Provided material
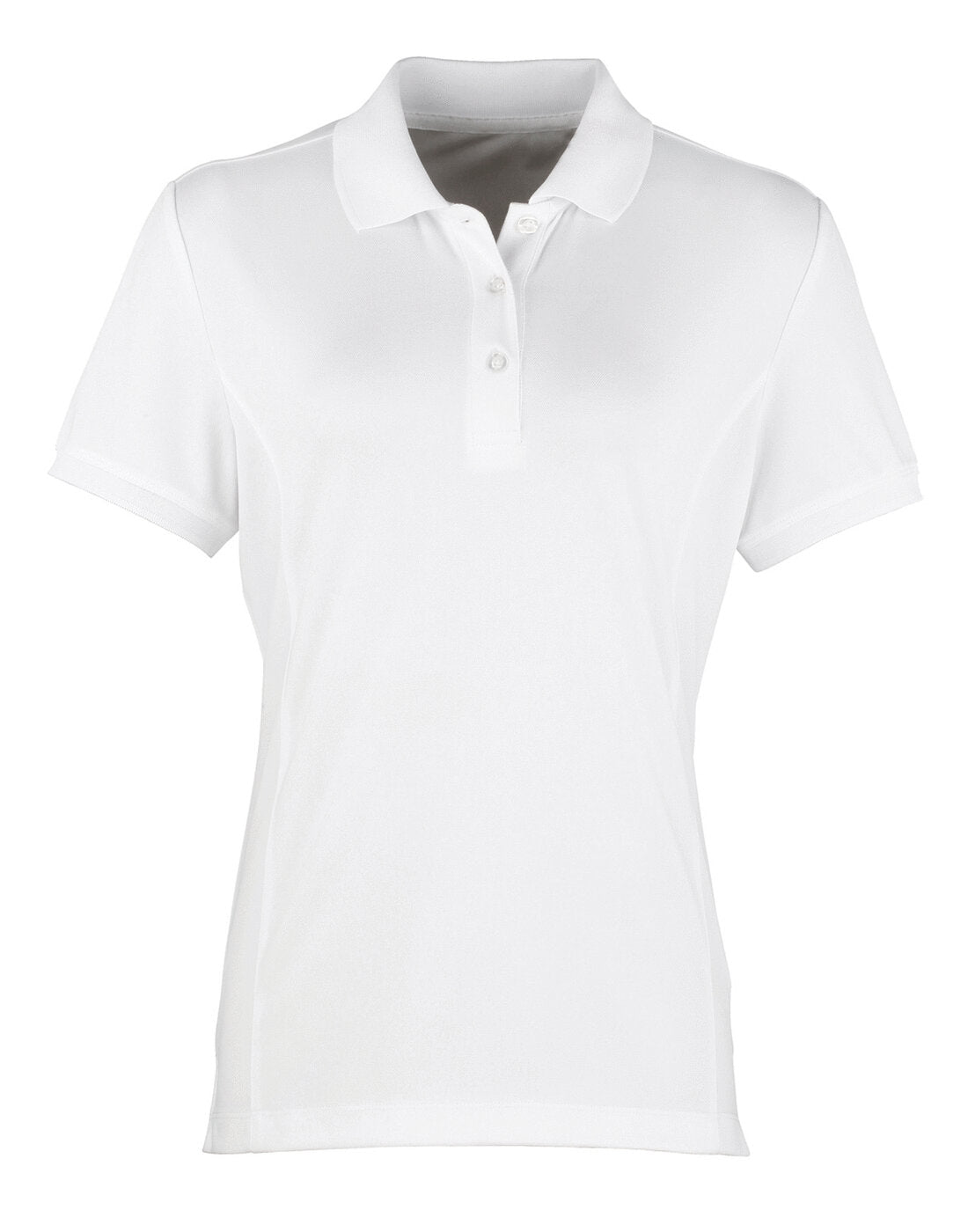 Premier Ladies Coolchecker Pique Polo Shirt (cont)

--

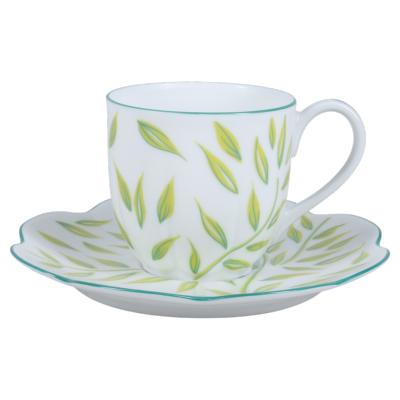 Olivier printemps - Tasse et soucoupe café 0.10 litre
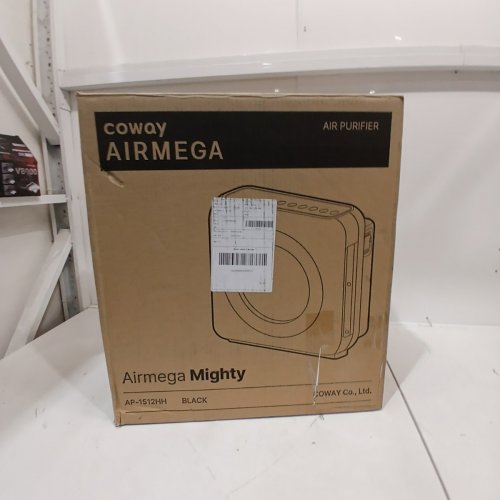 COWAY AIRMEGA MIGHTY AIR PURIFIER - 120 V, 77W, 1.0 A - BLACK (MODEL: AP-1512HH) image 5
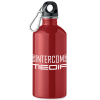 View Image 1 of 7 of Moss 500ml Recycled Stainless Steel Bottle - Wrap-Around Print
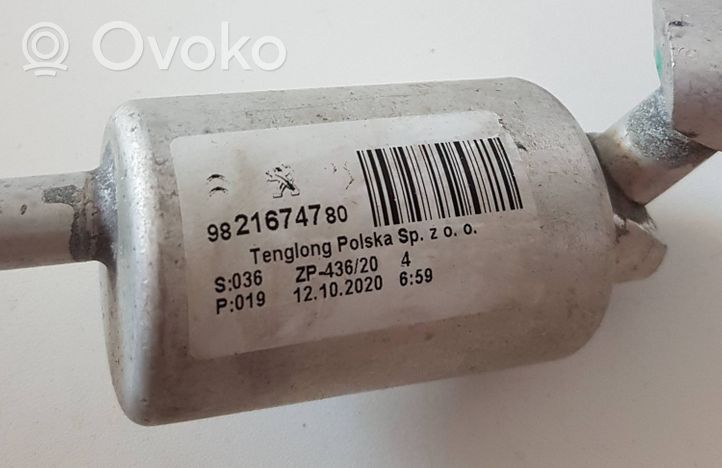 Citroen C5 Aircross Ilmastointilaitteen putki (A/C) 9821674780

Exercise
Look above for the line with "COWAY AIRMEGA MIGHTY", then print it and each line after it down to and including the line with "Citroen C5 Aircross". Leave out the pictures and keep the wording exact.

Response area
 COWAY AIRMEGA MIGHTY AIR PURIFIER - 120 V, 77W, 1.0 A - BLACK (MODEL: AP-1512HH) image 5
 View Image 1 of 7 of Moss 500ml Recycled Stainless Steel Bottle - Wrap-Around Print
 Citroen C5 Aircross Ilmastointilaitteen putki (A/C) 9821674780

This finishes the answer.